DATA FOR THIS TASK ▸
-=-=-

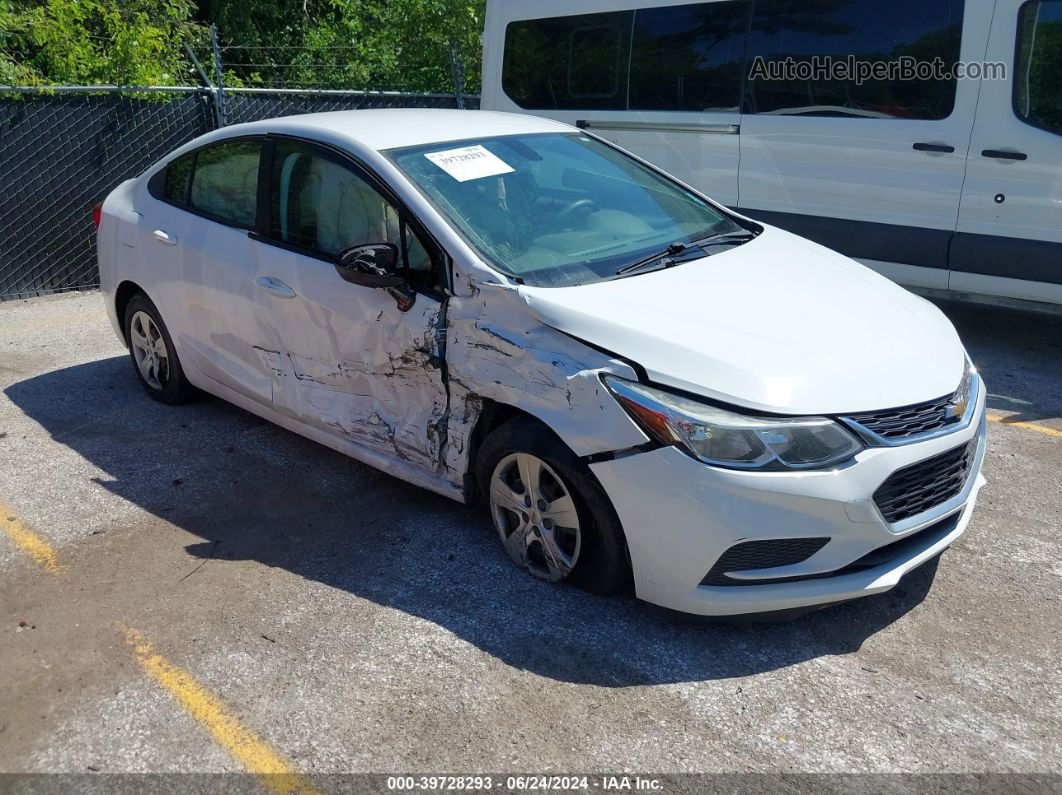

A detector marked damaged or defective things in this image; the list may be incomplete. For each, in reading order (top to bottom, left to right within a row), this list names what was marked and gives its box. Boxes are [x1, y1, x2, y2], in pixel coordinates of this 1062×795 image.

damaged rear door [251, 136, 448, 471]
dented driver door [250, 136, 450, 471]
broken side mirror [333, 243, 416, 312]
damaged white car [99, 108, 985, 615]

-=-=-

WORK TO COMPLETE ▸
Every record above must be copied exactly; none of the pictures belong in the copy.

RESPONSE ▸
A detector marked damaged or defective things in this image; the list may be incomplete. For each, in reading order (top to bottom, left to right within a row), this list names what was marked and gives its box. Boxes are [x1, y1, x2, y2], in pixel coordinates of this 1062×795 image.

damaged rear door [251, 136, 448, 471]
dented driver door [250, 136, 450, 471]
broken side mirror [333, 243, 416, 312]
damaged white car [99, 108, 985, 615]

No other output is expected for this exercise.